A flag outside the US Securities and Exchange Commission headquarters in Washington, DC, US, Wednesday, February 23, 2022.
Al Drago | Bloomberg | Getty Images
On Monday, the Securities and Exchange Commission said it charged 11 people for their roles in creating and promoting an allegedly fraudulent crypto pyramid and Ponzi scheme that raked in more than $300 million from millions of retail investors worldwide, including in the United States.
The scheme, called Forsage, claimed to be a decentralized smart contract platform, and it allowed millions of retail investors to transact via smart contracts that operated on the ethereum, tron and binance blockchains. But under the hood, the SEC alleges that for more than two years the setup operated as a standard pyramid scheme, with investors making profits by recruiting others into the operation.

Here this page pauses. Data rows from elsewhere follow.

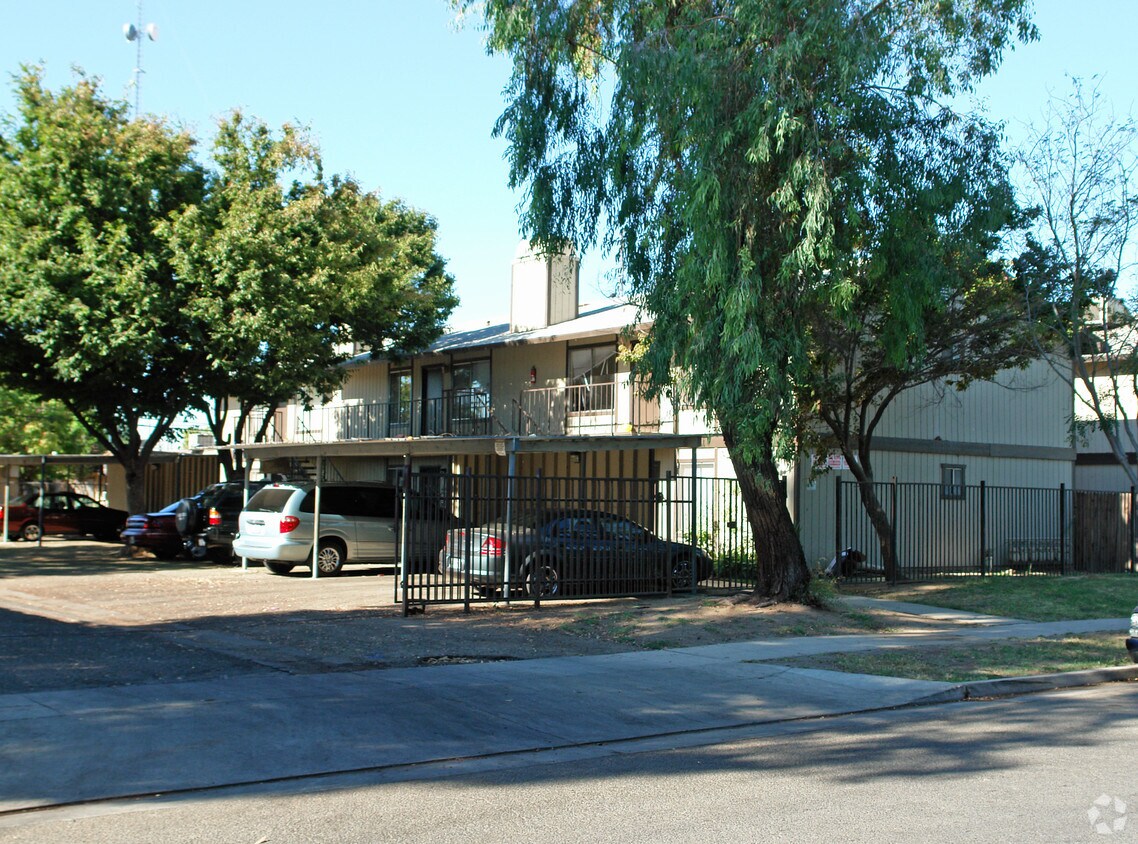 Foto principal - 2621 W Fountain Way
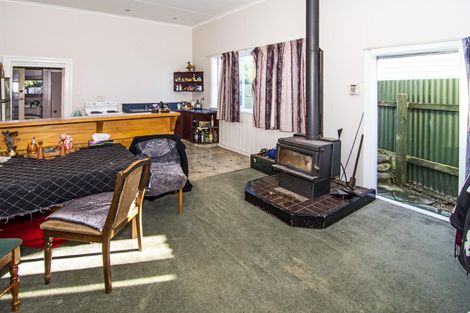 Photo of property in 103 Lincoln Road, Masterton, 5810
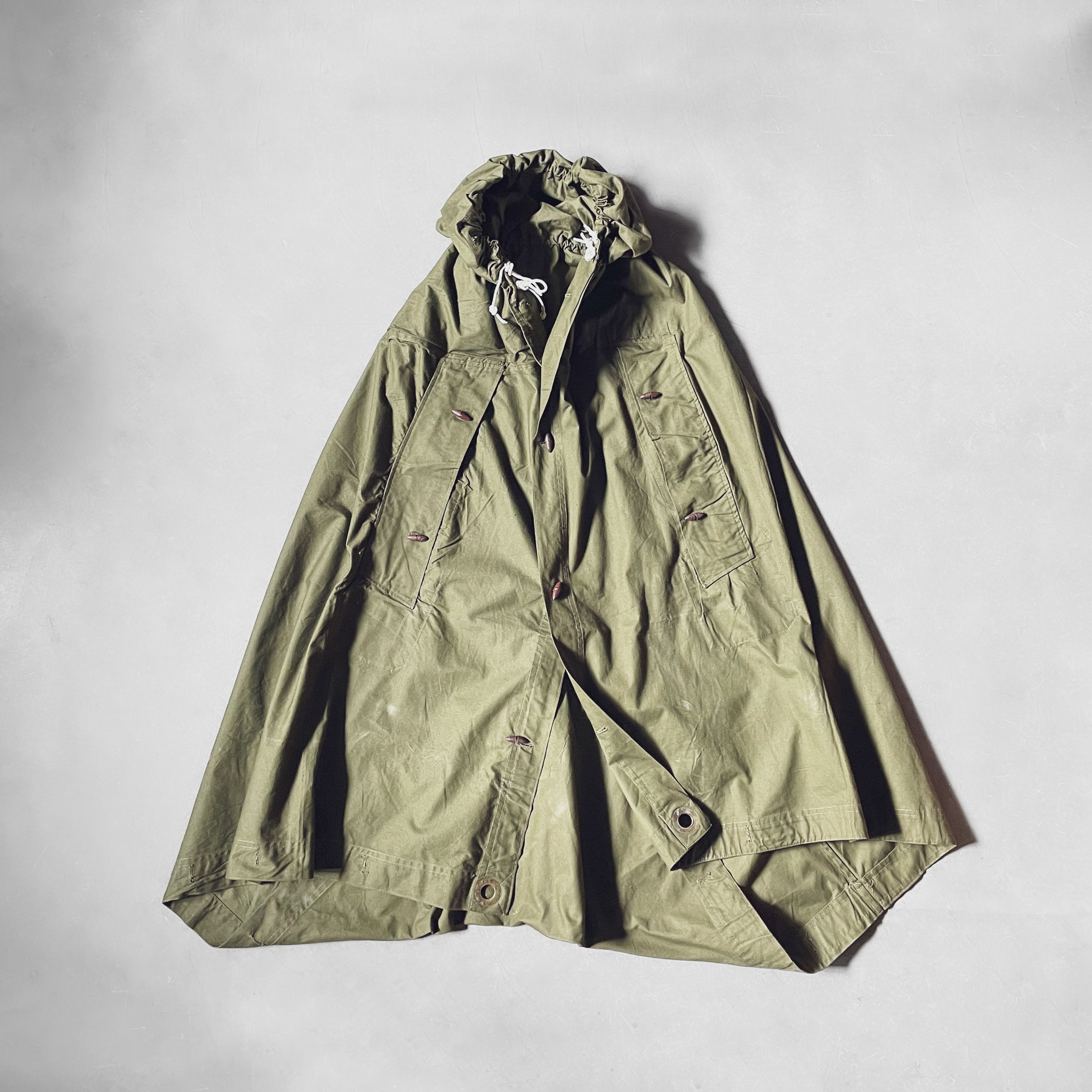 ROMANIA VINTAGE / Tento Poncho : Dead stock　ルーマニア軍 / テントポンチョ : デッドストック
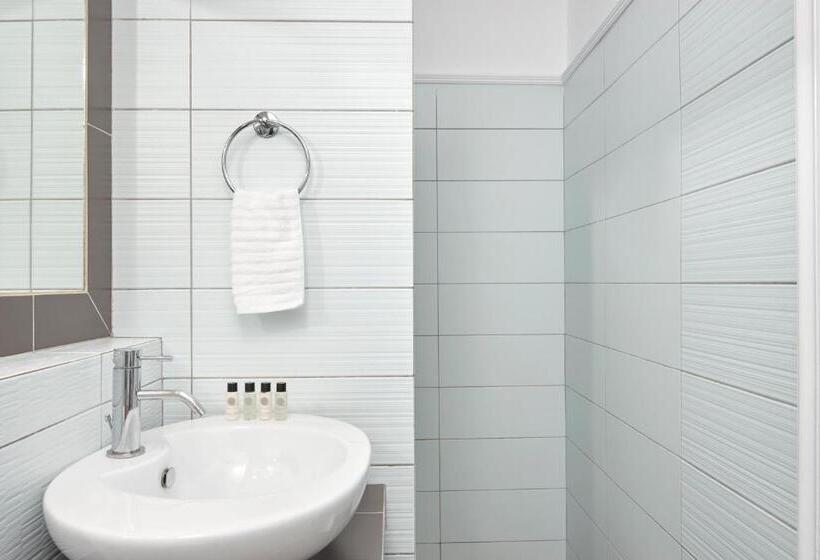 패밀리 스위트, Manos Small World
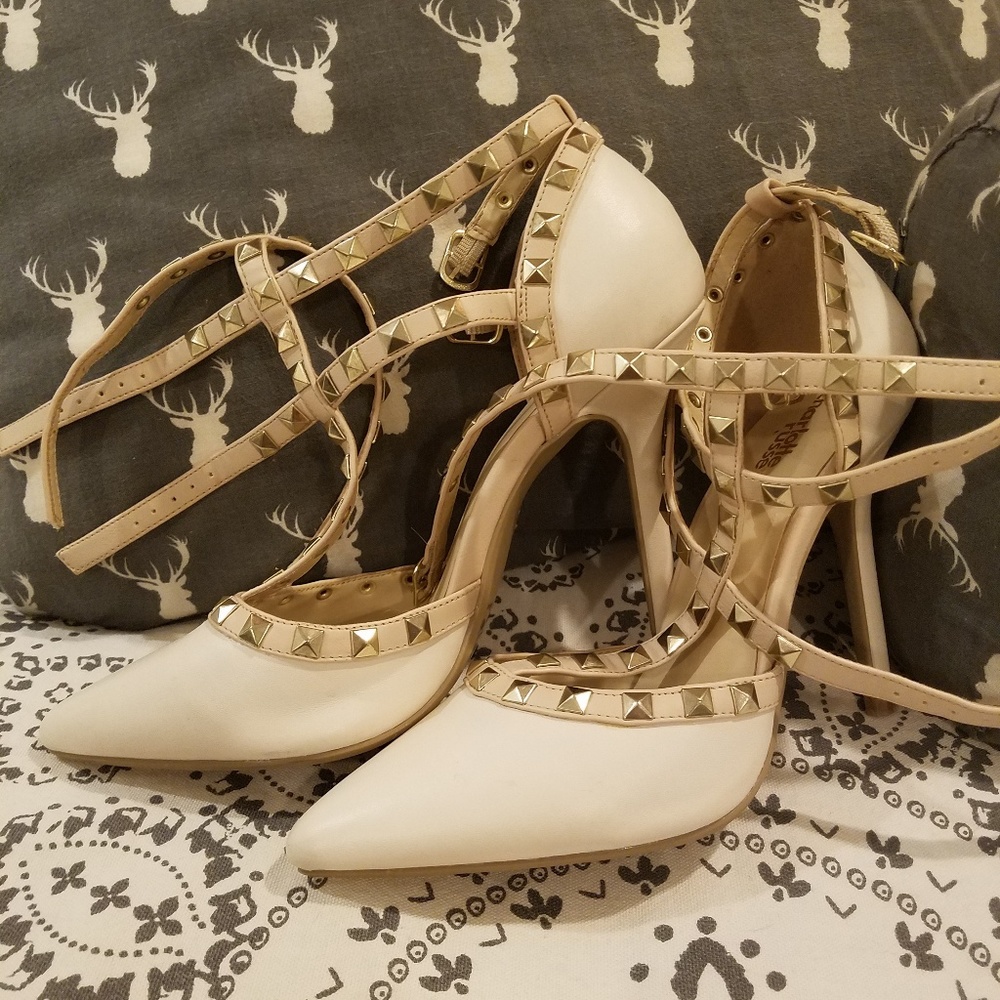 Cage high heel pumps with studs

In a statement, the SEC added that Forsage operated a typical Ponzi structure, where it allegedly used assets from new investors to pay earlier.
“As the complaint alleges, Forsage is a fraudulent pyramid scheme launched on a massive scale and aggressively marketed to investors,” wrote Carolyn Welshhans, acting head of the SEC’s Crypto Assets and Cyber Unit.
“Fraudsters cannot circumvent the federal securities laws by focusing their schemes on smart contracts and blockchains.”
Forsage, through its support platform, declined to provide a method to contact the company and did not provide comment.
Four of the eleven people charged by the SEC are the founders of Forsage. Their current whereabouts are unknown, but they were last known to live in Russia, the Republic of Georgia and Indonesia.
The SEC has also charged three US-based promoters who endorsed Forsage on their social media platforms. They were not named in the SEC release.
Forsage launched in January 2020, and regulators around the world had tried a couple of different times to shut it down since then. Cease-and-desist suits were filed against Forsage first in September 2020 by the Securities and Exchange Commission of the Philippines, and later, in March 2021, by the Montana Commissioner of Securities and Insurance. Despite this, the defendants allegedly continued to promote the scheme while denying the allegations in several YouTube videos and in other ways.
Two of the defendants, both of whom neither admitted nor denied the charges, agreed to settle the charges, subject to court approval.